Exercise materials:

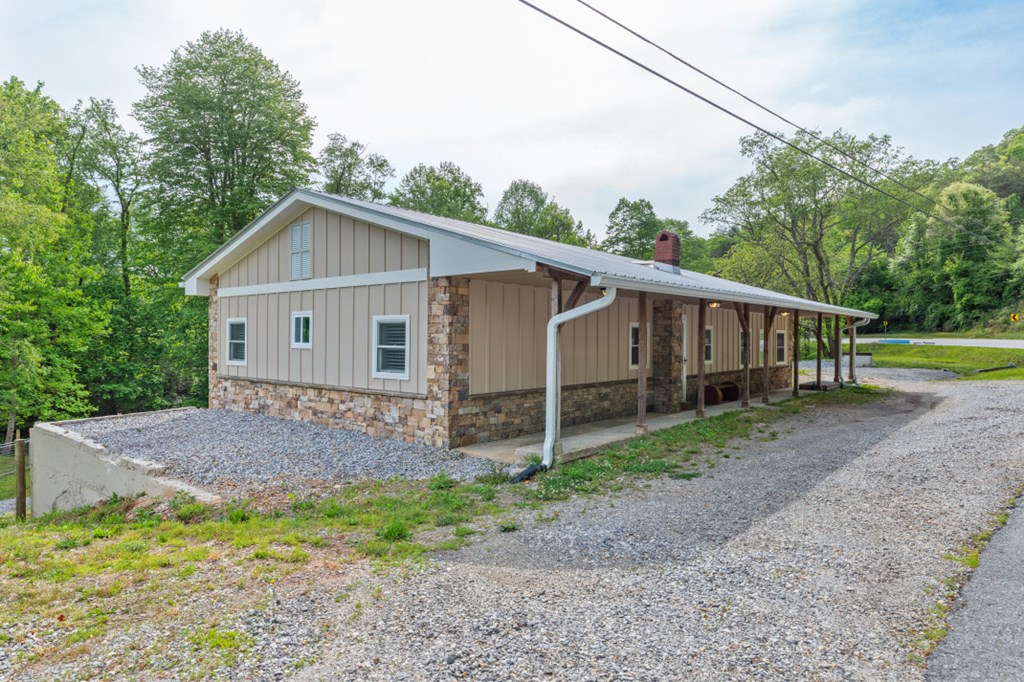4494 Gainesville Hwy Property Photo 4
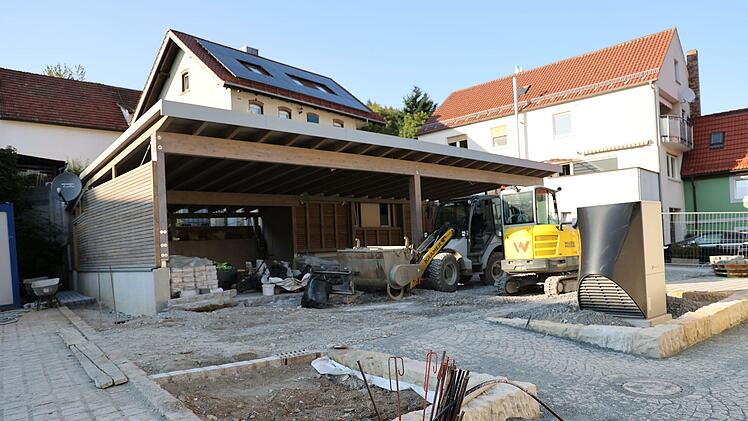 Rund um den neuen Jugendtreff wird noch gearbeitet.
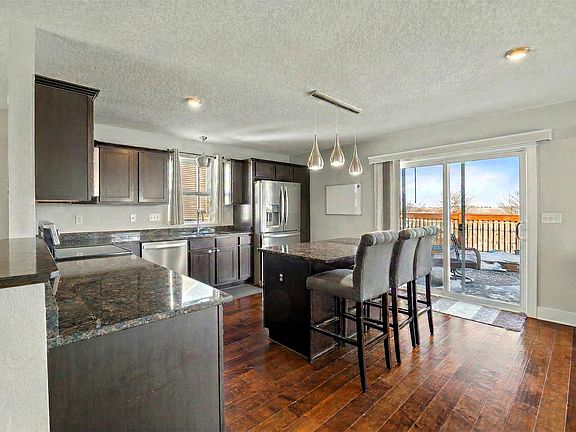 4th image of 3409 Hawthorn Dr SW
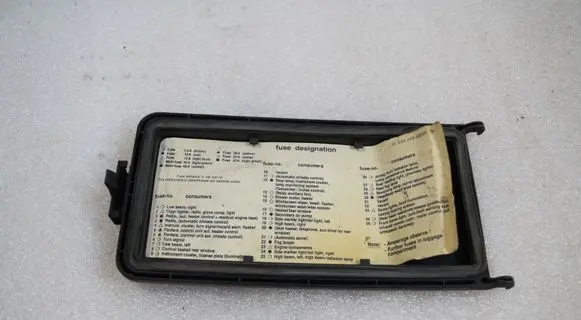 Mercedes-Benz C W202 Fuse box cover 2025450303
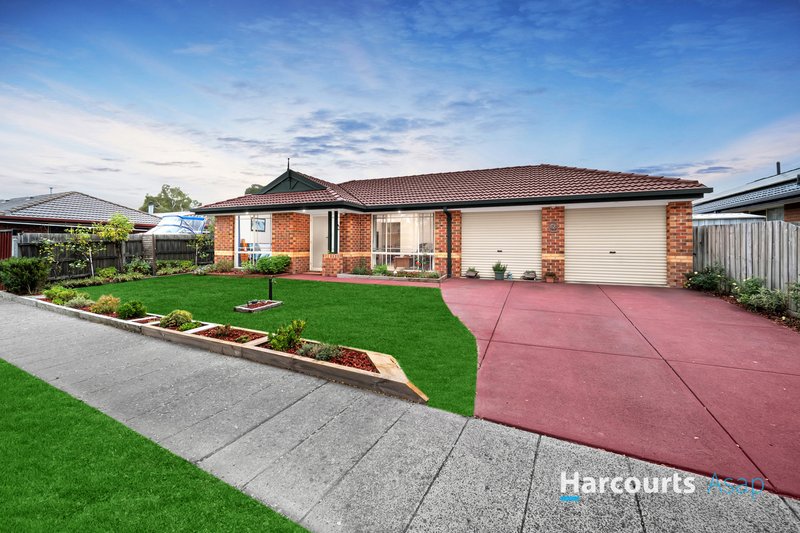 8 Macleod Way, Lynbrook VIC 3975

Action item: The answer must be an exact transcription of the lines from the one holding "4th image of 3409 Hawthorn Dr SW" to the last line of the entries above, with no pictures and nothing else.

Solution to this task:
 4th image of 3409 Hawthorn Dr SW
 Mercedes-Benz C W202 Fuse box cover 2025450303
 8 Macleod Way, Lynbrook VIC 3975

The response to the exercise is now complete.